Days of Awe

What the Jewish High Holy days teach us about penitential living and repair of the world

by Ken Sehested
12 September 2018

“For godly grief produces a repentance that leads to salvation
and brings no regret, but worldly grief produces death.”
—2 Corinthians 7:10

        We are in a maelstrom of historical markers and liturgical import.
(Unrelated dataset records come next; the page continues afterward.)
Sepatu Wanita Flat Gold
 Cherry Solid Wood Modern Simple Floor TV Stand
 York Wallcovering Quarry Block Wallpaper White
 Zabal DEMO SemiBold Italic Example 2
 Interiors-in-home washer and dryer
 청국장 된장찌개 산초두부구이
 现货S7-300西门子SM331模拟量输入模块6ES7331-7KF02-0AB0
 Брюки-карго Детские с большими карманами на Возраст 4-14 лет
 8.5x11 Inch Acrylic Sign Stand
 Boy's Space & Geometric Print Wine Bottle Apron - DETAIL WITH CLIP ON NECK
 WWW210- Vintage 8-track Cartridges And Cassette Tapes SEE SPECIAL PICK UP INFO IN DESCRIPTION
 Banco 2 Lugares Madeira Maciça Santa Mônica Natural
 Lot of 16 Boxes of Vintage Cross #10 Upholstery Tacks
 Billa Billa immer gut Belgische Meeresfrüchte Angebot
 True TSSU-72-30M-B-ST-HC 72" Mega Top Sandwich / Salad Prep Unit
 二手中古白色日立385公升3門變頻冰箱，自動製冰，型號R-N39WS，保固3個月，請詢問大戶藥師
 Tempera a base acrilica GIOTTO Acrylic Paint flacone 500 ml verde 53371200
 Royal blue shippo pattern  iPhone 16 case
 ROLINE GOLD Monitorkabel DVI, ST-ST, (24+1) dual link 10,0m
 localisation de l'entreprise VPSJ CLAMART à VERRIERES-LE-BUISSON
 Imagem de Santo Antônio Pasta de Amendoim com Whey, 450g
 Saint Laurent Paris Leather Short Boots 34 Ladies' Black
For people of faith, it points to a significant fork in the road.

        On the one hand, we may choose an escalation of conceited policies, gluttonous consumption, and imperial threats, on and on—not world without end, for it will surely end if, by no other cause, choking to death on our own excretion.

        On the other hand, we might acknowledge our rancorous ways, reweave the tears in our social fabric, choose the public good over private gain, harness our public polity and economic productivity to the governance of sustainable development, shared bounty, and international cooperation.

        I’m not optimistic that we have learned that indignity and violence beget more of the same; that, as Admiral Michael Mullen, former Chairman of the US Joint Chiefs of Staff, said, “We cannot kill our way to victory.” But let’s assess where we are.

§  §  §

“When Solomon depicts the love G‑d harbors for His nation,
he writes (Song of Songs 8:5): “Beneath the apple tree I
aroused you[r love].” Eating an apple on Rosh Hashanah
is an attempt to remind G‑d of our age-old love.
—Rabbi Baruch S. Davidson[1]

§  §  §

        We stand in the middle of the “Days of Awe,” the 10-day period linking Judaism’s two High Holy Days, Rosh Hashanah and Yom Kippur; between “happy new year” (by Jewish reckoning, year 5779), where the haunting of old failures gives way to new possibilities, to the confirmation of the Day of Atonement’s embrace accompanied by earth’s renewal. The journey entails the resolve of acknowledging the ways we ourselves, and our body politic, have fallen short and jumped the tracks. This is the aim of penitential living.

        By what capacity might this happen? It is the prospect of mercy abetting wrath, the removal of shame, the possibility of a new beginning that enables our turning around, embracing the strenuous labor of repairing broken relations and enacting just policies.

        Reflected in Rosh Hashanah’s wake, in the delight of the world begun anew, our lives are thereby inscribed in the Book of Life, then sealed on Yom Kippur. Jews greet each other on Rosh Hashanah with the Hebrew phrase L’shana tovah, the abbreviated rendition of L’shanah tovah tikatev v’taihatem (“May you be inscribed and sealed for a good year”).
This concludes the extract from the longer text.